Economists become much too readily obsessed with the products of abstract reasoning – models, theories, principles and so on. They can learn a lot by studying what has actually happened in real life, in other words, by studying history.
There is therefore much to be learned from The Relentless Revolution, by Joyce Appleby, who is Professor Emerita of History at UCLA. Perhaps the biggest question that economic theory has been unable to answer is why economies grow. There has been no generally accepted explanation of why the Industrial Revolution (or ‘Industrial Evolution’, as Professor Appleby would prefer it to be called) began when and where it did, or of why some economies grow while others don’t. Professor Appleby has some interesting ideas of her own.
One of them is that Industrial Revolutions had to be preceded by Agricultural Revolutions. Before the Agricultural Revolution of the sixteenth and seventeenth centuries, in the ‘world of scarcity’, roughly 80% of the labour force had to be employed in agriculture in order to produce enough food for the whole population. Not enough labour was left over for secondary or tertiary industries to develop and grow.
Another of Professor Appleby’s interesting ideas is that England in the seventeenth century was fertile ground for fundamental change. The religious conflicts of that century, including the Civil War, undermined the effectiveness of the forces of established authority, which were the natural source of resistance to change. The view that weak government left scope for original thought and innovation seems highly plausible.
There is surely an inherent and unbridgeable conflict between maintaining the capacity for original thought and innovation and maintaining ‘firm rule’, including rule over matters of doctrine and belief. This conflict has echoes in the present day, in which the rise of managerialism and the insistent and overbearing demands of PR for simple and clear ‘messages’ mean that the chaotic process of original thinking is often regarded as too dangerous to be allowed by many public and private institutions.
Once the capitalist cat was out of the bag in England, it was inevitable that other countries would follow. Much of Professor Appleby’s book is an account of how that happened and what the consequences were. One of the most important developments was the institution of enterprises with limited liability for the owners. It seems pretty obvious that limited liability, by its very nature, entails moral hazard, which economic theorists regard as dangerous. Professor Appleby doesn’t address moral hazard directly but simply comments that “a great deal of attention has been given to the excellence of the English and American corporation as a vehicle for capitalist expansion.” In any cost-benefit analysis of limited liability, the benefits of increased growth would presumably exceed the costs of moral hazard. In spite of that, it is quite surprising that there has been so little debate in the wake of the financial crisis about whether limited liability is desirable for some kinds of financial companies. Professor Appleby has some harsh things to say about the origins of the crisis, but not about limited liability. The question is nevertheless a real one. Moral hazard has clearly done very serious damage in the past decade in the financial industry.

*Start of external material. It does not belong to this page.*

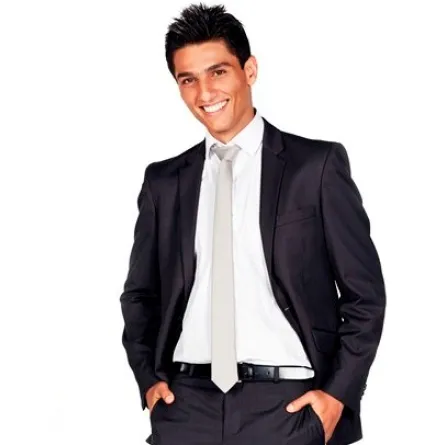 محمد عسّاف يحتفي بزيارة فريق برشلونة إلى فلسطين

Notwithstanding its current travails, in the final analysis Professor Appleby is optimistic about the durability of capitalism. In Capitalism, Socialism and Democracy, written in the early 1940s, Joseph Schumpeter suggested that capitalism would not survive because it would be undermined by the intellectuals whose lifestyles it made possible. Professor Appleby doesn’t agree. “People do learn from their mistakes. There is no reason to think that societies won’t continue to modify and monitor their economies in pursuit of shared goals.” Let’s hope she is right.